• **RECORD EXTRACTS**
BEGIN
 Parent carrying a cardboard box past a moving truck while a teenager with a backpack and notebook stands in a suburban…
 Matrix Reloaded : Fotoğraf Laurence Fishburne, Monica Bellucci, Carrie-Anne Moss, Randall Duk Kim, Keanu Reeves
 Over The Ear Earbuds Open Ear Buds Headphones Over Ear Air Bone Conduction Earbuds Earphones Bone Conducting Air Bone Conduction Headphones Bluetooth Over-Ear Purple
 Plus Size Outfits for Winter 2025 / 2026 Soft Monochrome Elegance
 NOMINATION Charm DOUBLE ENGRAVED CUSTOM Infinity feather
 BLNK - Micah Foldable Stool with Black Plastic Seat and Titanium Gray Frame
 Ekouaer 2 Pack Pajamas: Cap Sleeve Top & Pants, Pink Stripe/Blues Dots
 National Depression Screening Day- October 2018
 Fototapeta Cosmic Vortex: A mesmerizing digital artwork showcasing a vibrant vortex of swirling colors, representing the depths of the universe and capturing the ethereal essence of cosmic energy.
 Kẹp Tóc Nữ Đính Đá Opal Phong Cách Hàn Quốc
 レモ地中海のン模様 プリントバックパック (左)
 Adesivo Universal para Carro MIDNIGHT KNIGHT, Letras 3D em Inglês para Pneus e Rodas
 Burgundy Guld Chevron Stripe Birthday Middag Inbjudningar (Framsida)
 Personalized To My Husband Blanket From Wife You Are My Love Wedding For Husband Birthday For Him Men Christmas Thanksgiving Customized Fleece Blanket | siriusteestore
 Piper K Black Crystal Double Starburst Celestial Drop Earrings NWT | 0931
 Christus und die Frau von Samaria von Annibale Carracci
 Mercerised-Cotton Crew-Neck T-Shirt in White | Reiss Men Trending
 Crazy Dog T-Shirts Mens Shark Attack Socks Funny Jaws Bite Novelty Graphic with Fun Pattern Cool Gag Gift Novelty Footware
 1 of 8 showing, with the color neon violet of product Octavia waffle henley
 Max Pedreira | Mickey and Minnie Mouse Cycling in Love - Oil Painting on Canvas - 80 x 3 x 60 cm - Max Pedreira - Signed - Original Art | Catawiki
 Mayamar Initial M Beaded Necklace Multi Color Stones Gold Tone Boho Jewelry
END
• **TRY IT**
An exact transcription of the lines from the start of the listing through the line bearing "Kẹp Tóc Nữ Đính Đá Opal Phong Cách Hàn Quốc" is the whole answer.

• **SOLUTION**
 Parent carrying a cardboard box past a moving truck while a teenager with a backpack and notebook stands in a suburban…
 Matrix Reloaded : Fotoğraf Laurence Fishburne, Monica Bellucci, Carrie-Anne Moss, Randall Duk Kim, Keanu Reeves
 Over The Ear Earbuds Open Ear Buds Headphones Over Ear Air Bone Conduction Earbuds Earphones Bone Conducting Air Bone Conduction Headphones Bluetooth Over-Ear Purple
 Plus Size Outfits for Winter 2025 / 2026 Soft Monochrome Elegance
 NOMINATION Charm DOUBLE ENGRAVED CUSTOM Infinity feather
 BLNK - Micah Foldable Stool with Black Plastic Seat and Titanium Gray Frame
 Ekouaer 2 Pack Pajamas: Cap Sleeve Top & Pants, Pink Stripe/Blues Dots
 National Depression Screening Day- October 2018
 Fototapeta Cosmic Vortex: A mesmerizing digital artwork showcasing a vibrant vortex of swirling colors, representing the depths of the universe and capturing the ethereal essence of cosmic energy.
 Kẹp Tóc Nữ Đính Đá Opal Phong Cách Hàn Quốc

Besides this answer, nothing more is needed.